Let’s take a look at an example of bad web design, or more specifically, bad layout. ‘The 20 most important inventions of all time’ does use a grid system. However, the grid design is extremely irregular. This means we struggle to get into a rhythm whilst reading the information. We’re never quite sure where to look next and we feel like we’re being overloaded with information. Web design should always be easy on the eye and this site it just a little too complicated.
Bad navigation
Similarly to the layout, your website’s navigation menu is also important in ensuring your customers know how to get to each page. Navigation menus should always be designed with ease-of-use in mind. Start with the top-level pages by categorising the most important information. Then work your way down with the information you think less of your customers will need.
With that in mind, let’s take a look at why ‘Gates N Fences’ is an example of how not to lay out a navigation menu. Ignoring the fact that this website looks like it was designed in the early 2000s, you should immediately be able to see the problem with the navigation menu design. There is just too much information and the poor design means that some of the top-level pages are right at the bottom of the menu. If you were looking for Safety Equipment, for example, you have to scroll down until you realise that there is a page there. We could probably take an educated guess that they don’t sell many of those products. When designing menus, try to put yourself in your customer’s shoes. How would they use the menu? What information would they like to see first?
Bad colour scheme
In web design, colour schemes are extremely important. Colour psychology tells us that different colours can provoke various emotional reactions in your customers. McDonald’s didn’t choose red for no reason, in the same way that DELL didn’t randomly choose blue. When designing your website, you should think about what you are trying to get your customer to do. Are you trying to get them to purchase a product, or are you just giving them information?

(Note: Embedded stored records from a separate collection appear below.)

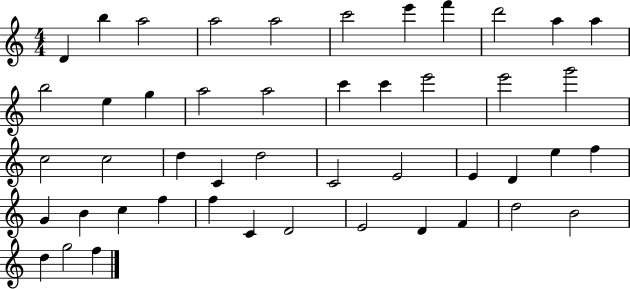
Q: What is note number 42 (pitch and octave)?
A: F4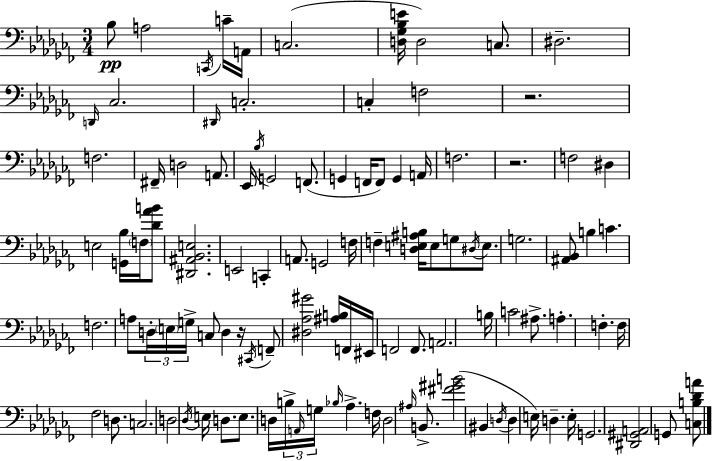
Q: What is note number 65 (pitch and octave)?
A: F3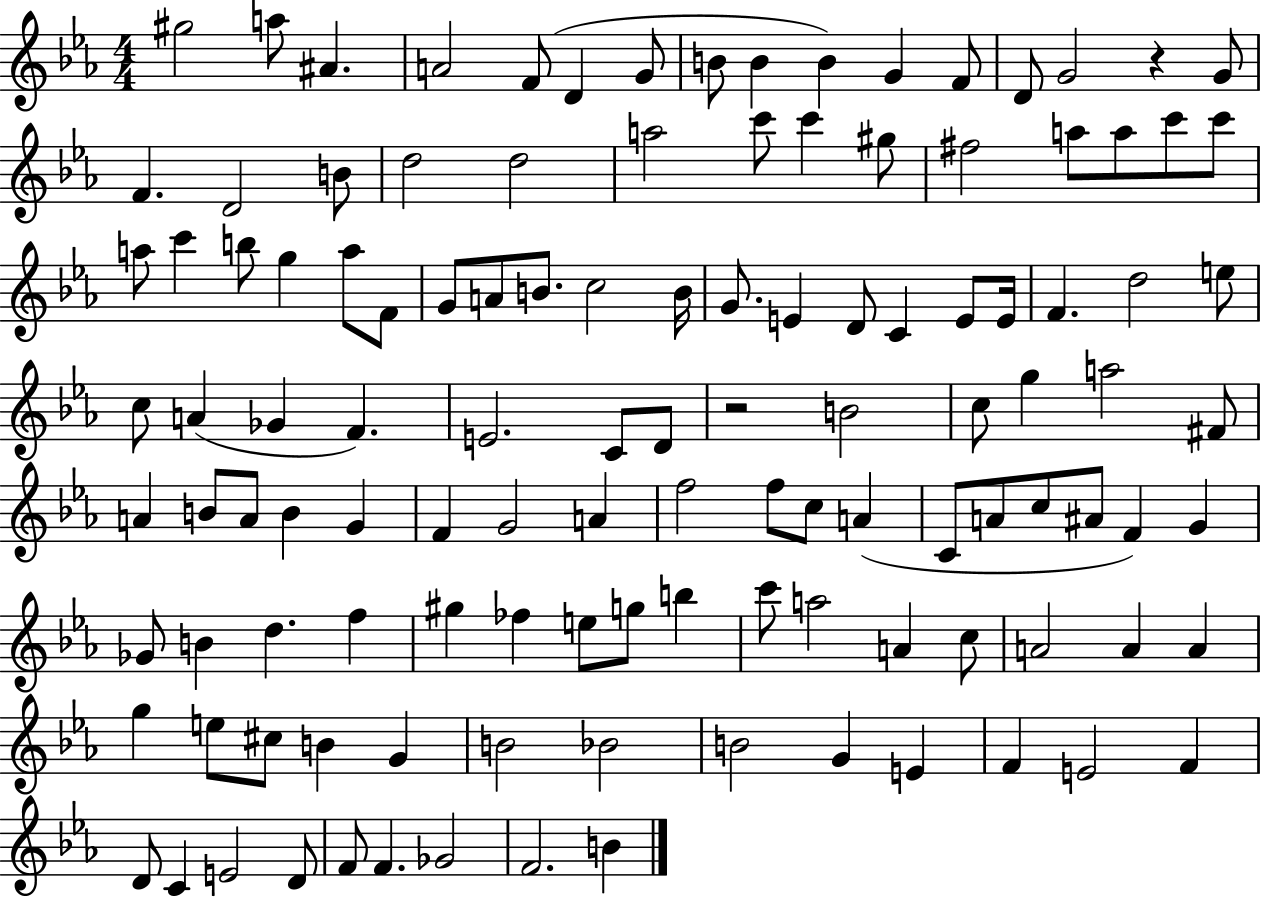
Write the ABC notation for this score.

X:1
T:Untitled
M:4/4
L:1/4
K:Eb
^g2 a/2 ^A A2 F/2 D G/2 B/2 B B G F/2 D/2 G2 z G/2 F D2 B/2 d2 d2 a2 c'/2 c' ^g/2 ^f2 a/2 a/2 c'/2 c'/2 a/2 c' b/2 g a/2 F/2 G/2 A/2 B/2 c2 B/4 G/2 E D/2 C E/2 E/4 F d2 e/2 c/2 A _G F E2 C/2 D/2 z2 B2 c/2 g a2 ^F/2 A B/2 A/2 B G F G2 A f2 f/2 c/2 A C/2 A/2 c/2 ^A/2 F G _G/2 B d f ^g _f e/2 g/2 b c'/2 a2 A c/2 A2 A A g e/2 ^c/2 B G B2 _B2 B2 G E F E2 F D/2 C E2 D/2 F/2 F _G2 F2 B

Anyway, here is one example of how a colour scheme has been poorly designed. ‘KDnuggets’ has chosen yellow to be their main colour. Bad choice. Yellow is often associated with caution, meaning their customers may not be as keen to take a look around. Not to mention that yellow is a very vivid colour and therefore should not be used too much. It can be very harsh on the eyes of customers. Websites designed like ‘KDnuggets’ can often have a high bounce rate simply because the colours are too vivid.
No mobile responsiveness
The year is 2020, and yet some web designers find it appropriate not to make sites mobile responsive. In the last couple of years, the amount of people using mobile devices to browse the web has risen to 52.5%. This is up from just 0.7% in 2009. That’s a year-on-year growth of 123.7% over the last decade or so. So to not design a website to be mobile responsive is quite simply ludicrous.